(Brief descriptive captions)
%%
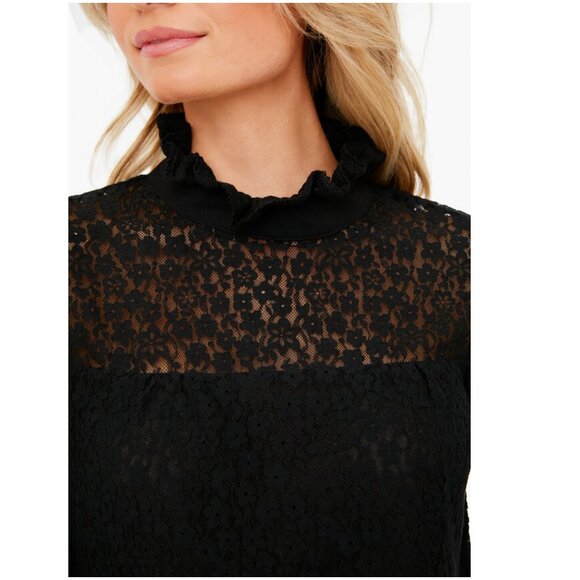 Tuckernuck Rosalee Blouse black size XL lace long sleeve sheer high neck top - Picture 4 of 13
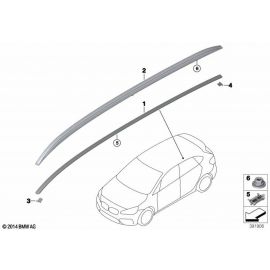 Genuine Left Roof Rails Silver Burnished 51 13 7 322 399 buy in USA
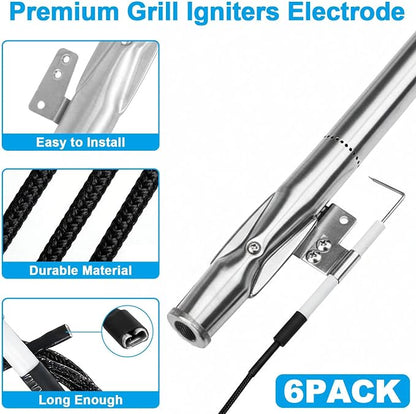 Set of 6 Grill Heat Plates and 6 Burner Tubes with Igniter Electrode Replacement Parts for Nexgrill 6 Burner 720-0898 720-0898A 730-0898 Grill Replacement Parts for Nexgrill Gas Series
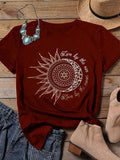 Retro Sonne Buchstabe Print Kurzarmshirts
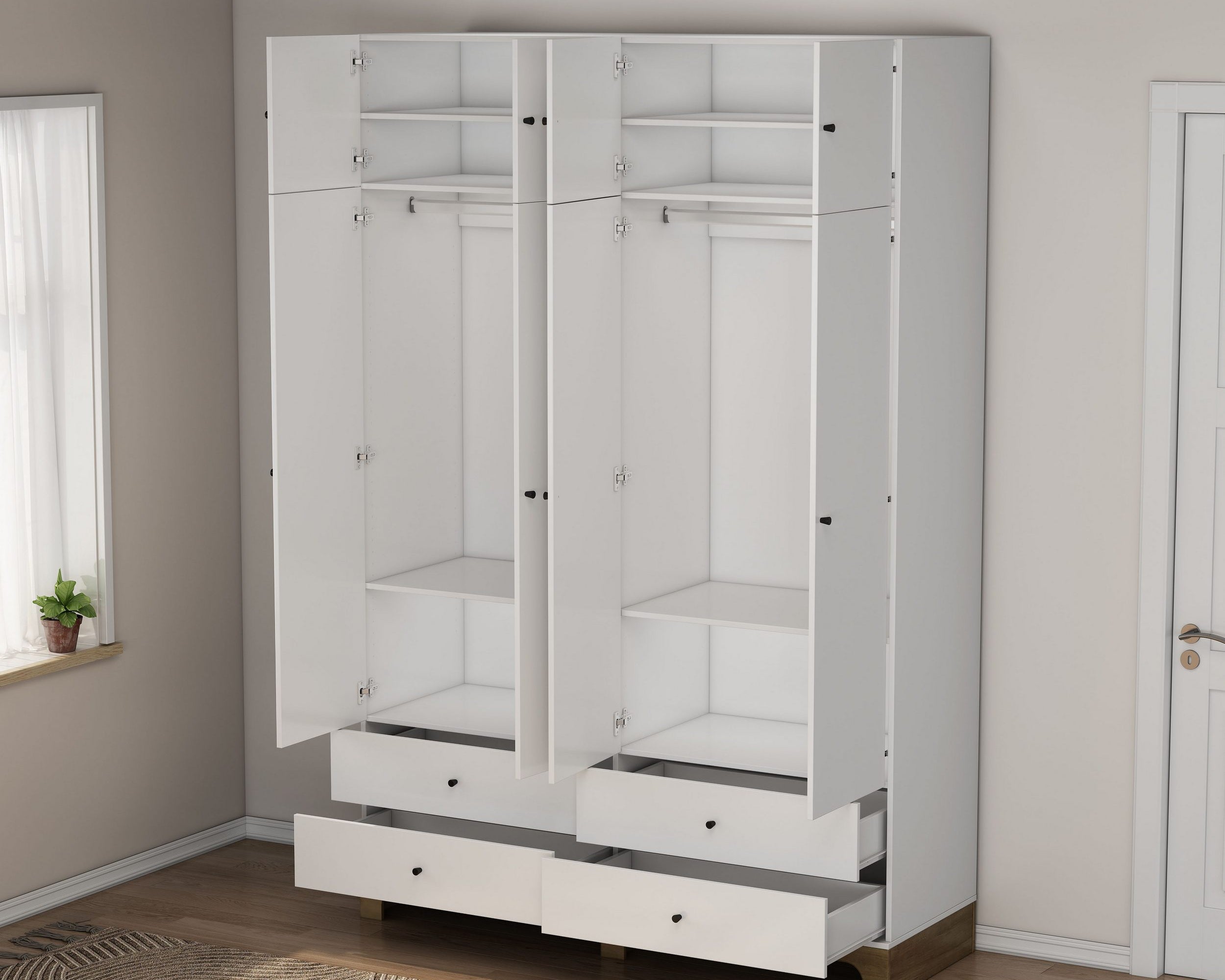 Garderobă OSLO, stil scandinav-boho, 8 uși, PAL FSC®, 160×52×240 cm Arboteca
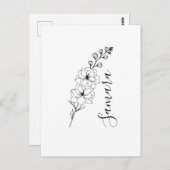 Custom July Delphinium Birth Blume Geschenk für di Postkarte (Vorne/Hinten)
%%
## How to complete this task:
The required output is the lines from the one containing "Set of 6 Grill" through the end of the records above, reproduced exactly, with no pictures.

## Solution:
 Set of 6 Grill Heat Plates and 6 Burner Tubes with Igniter Electrode Replacement Parts for Nexgrill 6 Burner 720-0898 720-0898A 730-0898 Grill Replacement Parts for Nexgrill Gas Series
 Retro Sonne Buchstabe Print Kurzarmshirts
 Garderobă OSLO, stil scandinav-boho, 8 uși, PAL FSC®, 160×52×240 cm Arboteca
 Custom July Delphinium Birth Blume Geschenk für di Postkarte (Vorne/Hinten)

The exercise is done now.